> WHAT IS REQUIRED
Give back all of the data exactly, with every picture omitted.

> MATERIAL TO PROCESS
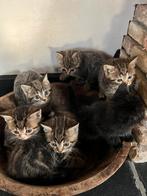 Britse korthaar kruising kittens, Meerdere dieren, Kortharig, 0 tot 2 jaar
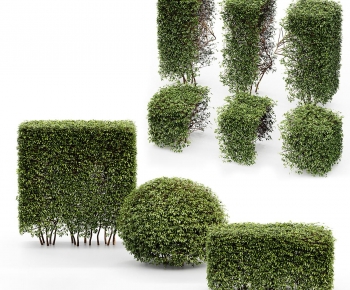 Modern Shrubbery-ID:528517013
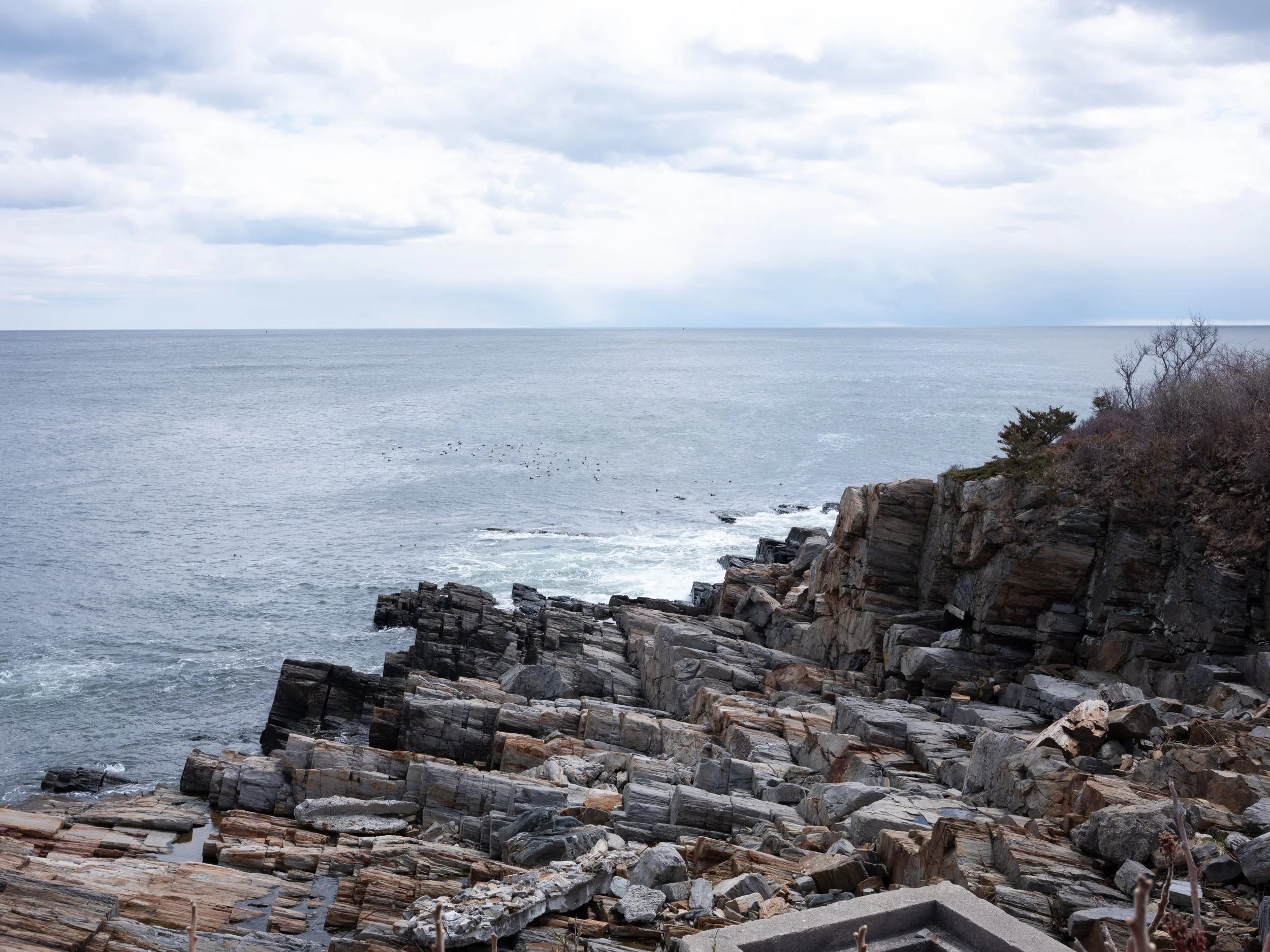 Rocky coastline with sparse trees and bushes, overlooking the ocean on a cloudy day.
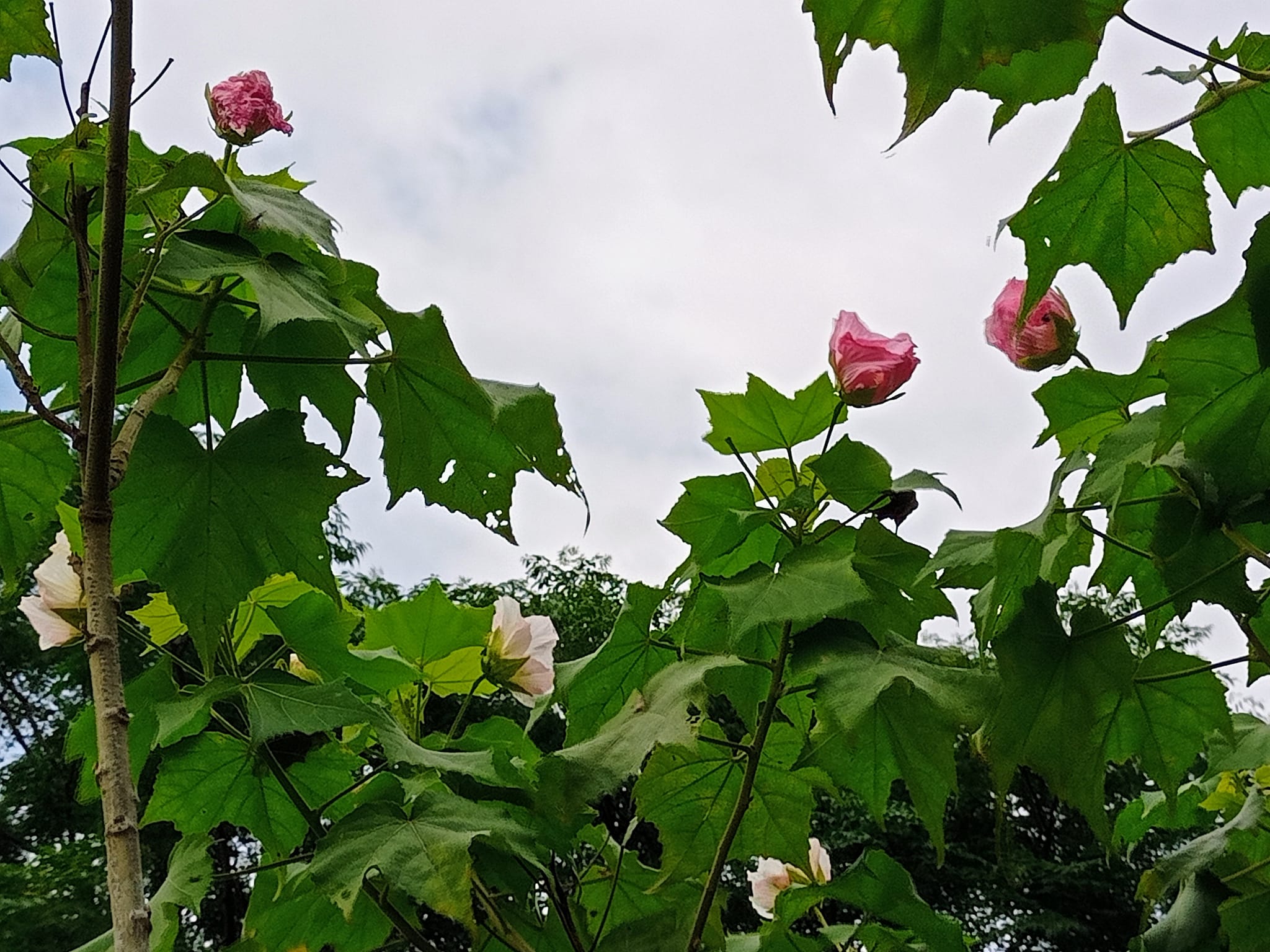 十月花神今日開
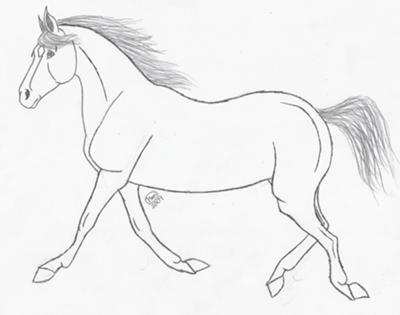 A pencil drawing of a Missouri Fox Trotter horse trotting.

> THE COMPLETED TASK
 Britse korthaar kruising kittens, Meerdere dieren, Kortharig, 0 tot 2 jaar
 Modern Shrubbery-ID:528517013
 Rocky coastline with sparse trees and bushes, overlooking the ocean on a cloudy day.
 十月花神今日開
 A pencil drawing of a Missouri Fox Trotter horse trotting.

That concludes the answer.